Copy each line of the records below that has "Bags" in it.

Entries taken from a collection
Content starts
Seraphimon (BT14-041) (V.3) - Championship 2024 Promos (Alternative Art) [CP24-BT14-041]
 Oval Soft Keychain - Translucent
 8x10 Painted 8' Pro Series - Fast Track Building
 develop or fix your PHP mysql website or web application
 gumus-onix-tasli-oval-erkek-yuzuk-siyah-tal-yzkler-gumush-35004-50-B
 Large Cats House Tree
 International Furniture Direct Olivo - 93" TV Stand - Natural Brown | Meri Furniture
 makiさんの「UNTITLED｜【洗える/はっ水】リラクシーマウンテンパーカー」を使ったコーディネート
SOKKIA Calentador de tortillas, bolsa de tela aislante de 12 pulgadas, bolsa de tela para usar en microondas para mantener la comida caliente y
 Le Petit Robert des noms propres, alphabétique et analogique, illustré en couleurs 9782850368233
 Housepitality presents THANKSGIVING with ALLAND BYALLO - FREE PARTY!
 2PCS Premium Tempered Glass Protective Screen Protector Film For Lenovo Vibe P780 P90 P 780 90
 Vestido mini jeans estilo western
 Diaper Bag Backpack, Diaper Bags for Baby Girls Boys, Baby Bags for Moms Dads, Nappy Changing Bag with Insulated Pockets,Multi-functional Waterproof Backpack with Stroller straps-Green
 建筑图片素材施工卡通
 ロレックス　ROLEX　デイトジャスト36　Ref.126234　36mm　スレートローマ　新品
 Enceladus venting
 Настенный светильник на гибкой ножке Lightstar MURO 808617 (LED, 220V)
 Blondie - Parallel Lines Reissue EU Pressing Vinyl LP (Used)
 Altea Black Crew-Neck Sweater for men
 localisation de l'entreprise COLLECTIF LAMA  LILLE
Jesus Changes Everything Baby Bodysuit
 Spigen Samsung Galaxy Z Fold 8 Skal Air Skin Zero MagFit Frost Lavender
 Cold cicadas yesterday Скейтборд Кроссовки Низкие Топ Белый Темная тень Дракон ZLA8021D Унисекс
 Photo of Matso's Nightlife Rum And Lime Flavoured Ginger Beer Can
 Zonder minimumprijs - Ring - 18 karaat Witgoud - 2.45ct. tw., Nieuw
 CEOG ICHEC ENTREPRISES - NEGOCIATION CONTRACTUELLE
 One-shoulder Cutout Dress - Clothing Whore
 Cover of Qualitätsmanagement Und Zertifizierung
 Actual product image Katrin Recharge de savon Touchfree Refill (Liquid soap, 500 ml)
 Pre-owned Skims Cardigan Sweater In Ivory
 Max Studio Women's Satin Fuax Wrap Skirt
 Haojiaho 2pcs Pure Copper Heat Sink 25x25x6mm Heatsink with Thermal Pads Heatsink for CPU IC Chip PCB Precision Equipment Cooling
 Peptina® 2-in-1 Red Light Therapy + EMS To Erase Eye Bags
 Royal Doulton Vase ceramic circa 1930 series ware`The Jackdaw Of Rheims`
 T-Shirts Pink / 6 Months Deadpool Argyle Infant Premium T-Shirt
Content ends
*Solution to this problem:*
 Diaper Bag Backpack, Diaper Bags for Baby Girls Boys, Baby Bags for Moms Dads, Nappy Changing Bag with Insulated Pockets,Multi-functional Waterproof Backpack with Stroller straps-Green
 Peptina® 2-in-1 Red Light Therapy + EMS To Erase Eye Bags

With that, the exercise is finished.